Na ręku cztery piki, pięć kierów, ale same blotki. Trochę lepiej jest w treflach (as, dama i walet) i dwa kara (król raczej coś weźmie). Nie ma się nad czym zastanawiać, tylko czekać co powie partner. Tak wygląda początek licytacji brydżowej. Od tego sezonu elbląscy brydżyści rywalizują w ekstraklasie brydża, po pierwszej serii gier są na szóstym miejscu w tabeli.
Prapoczątków elbląskiej ekstraklasy brydża należy szukać w... Poznaniu. W sezonie 2016/17 RAL Poznań z Bogusławem Gierulskim w składzie zdobył mistrzostwo Polski. W następnym sezonie obowiązywała zasada „bij mistrza”. Rywale RAL-u bili tak skutecznie, że poznańska drużyna spadła do pierwszej ligi.

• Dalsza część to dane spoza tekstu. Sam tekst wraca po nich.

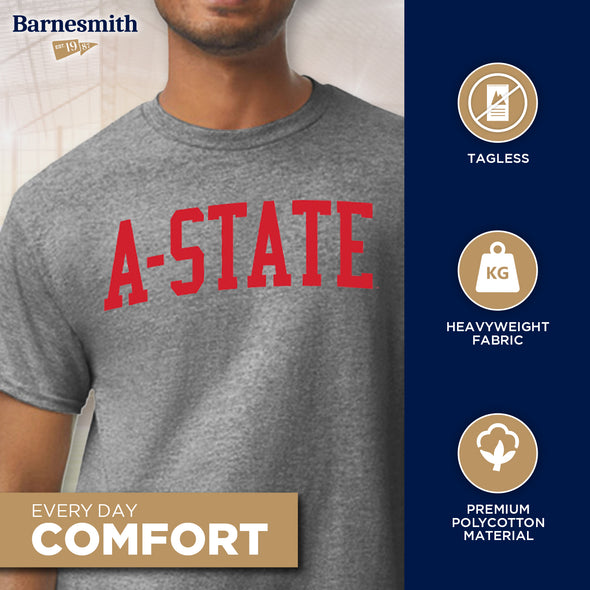 Arkansas State University Classic T-Shirt (Charcoal Grey)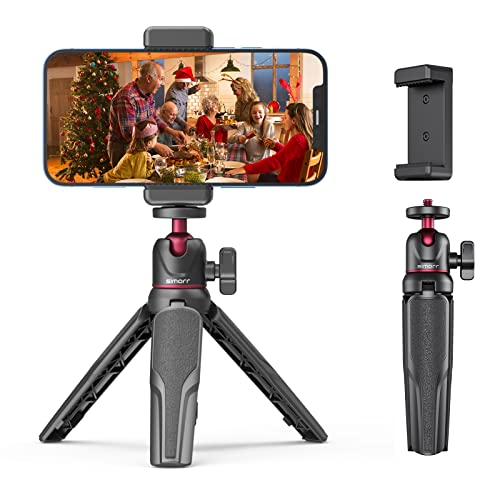 simorrビデオ撮影キット、ボールヘッド三脚調整可能携帯電話ホルダー付きvlog撮影キット、水平および垂直撮影をサポート、Vlogging、ライブストリーミング、のGoproカメラ用/iPhone用/Sony用-VK20（3512）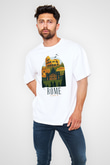 Kolezyum Beyaz Unisex Tişört T-Shirt - TişörtFabrikası
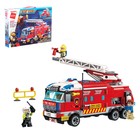 Конструктор «Пожарная машина», 3 минифигуры, 366 деталей - фото 9466755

- W drużynie RAL było więcej chętnych do grania niż miejsc. Spadliśmy z ekstraklasy i zdecydowaliśmy się ustąpić miejsca w drużynie innym – wyjaśniał Bogusław Gierulski, brydżysta i jeden ze spirytus movens elbląskiej drużyny.
Tymczasem do ekstraklasy awansowała inna poznańska drużyna. Awansowała, ale grać na najwyższym szczeblu nie chciała.
- Z różnych powodów, także finansowych – mówił Bogusław Gierulski.
To nie jest tani sport, bo samo wpisowe do ekstraklasy wynosi 5 tys. zł. Do tego dochodzą koszty zakwaterowania w hotelu, różnego rodzaju opłaty. Miejsce poznaniaków postanowił wykorzystać Bogusław Gierulski z kolegami i przenieść drużynę do Elbląga. Formalności zostały załatwione i ESBS Vitas Elbląg mógł przystąpić do gry.
W ekstraklasie brydżowej gra 16 zespołów z całej Polski. Podczas dwóch zjazdów rozgrywa się mecze systemem każdy z każdym, kolejny zjazd to już play – offy i bezpośrednia walka o mistrzostwo lub utrzymanie.
W tym sezonie zjazdy zaplanowano w Starachowicach. Na pierwszym zjeździe (odbył się w październiku) drużyny rozegrały pierwszych osiem meczów, ESBS aktualnie zajmuje szóstą pozycję.
- Ta pozycja pokazuje naszą realną siłę. W tym sezonie chcemy zakwalifikować się do play – offów i wejść do półfinałów rozgrywek o mistrzostwo Polski – zdradził Bogusław Gierulski.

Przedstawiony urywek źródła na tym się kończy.